Un modello di apprendimento elaborato negli anni Sessanta, facente riferimento alle teorie comportamentiste, è quello di Gagnè, un modello gerarchico che prevede otto tipi di apprendimento (segnali, legami S-R, concatenazione tra essi, associazioni verbali, discriminazioni, concetti, regole e infine modalità di soluzione di problemi).
Secondo Gagnè, l’apprendimento è un cambiamento nelle attitudini o capacità umane; egli sostiene che l’acquisizione delle conoscenze è un processo nel quale ogni nuova capacità si costruisce sul fondamento delle capacità apprese precedentemente. Pianificare l’apprendimento vuol dire pertanto specificare e ordinare le capacità richieste come prerequisiti all’interno di un argomento da apprendere. Anche il problem solving si fonda su regole già apprese, risolvere problemi significa usare regole già apprese per arrivare alla soluzione di problemi nuovi.

Le attuali correnti della psicologia comportamentale hanno mutuato da Gagnè idee quali: l’apprendimento come sequenza dal semplice al complesso, dal prima al dopo; la scomposizione di un compito di apprendimento nelle capacità specifiche che implica; il concetto di transfer positivo, una capacità di ordine superiore può essere appresa più facilmente se prima è acquisita una capacità di ordine inferiore (transfer verticale); la progettazione di sequenze didattiche.

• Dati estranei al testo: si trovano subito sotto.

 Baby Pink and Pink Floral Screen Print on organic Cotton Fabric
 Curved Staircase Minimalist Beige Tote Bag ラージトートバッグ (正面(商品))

Secondo l’approccio comportamentale, i comportamenti cognitivi si riferiscono a tra tipi di condotte: le abilità (che si acquisiscono in seguito a ripetute esperienze), le conoscenze, la soluzione dei problemi (che include i repertori comportamentali dei primi due.
Il comportamento di problem solving può essere appreso dall’allievo a due condizioni: a) che egli possieda un ampio repertorio comportamentale a livello di abilità e conoscenze; b) che nel corso delle varie esperienze abbia perfezionato quella attitudine alla gestione dei problemi che gli consenta di manipolare gli stimoli della soluzione e di riorganizzarli in modo da raggiungerla.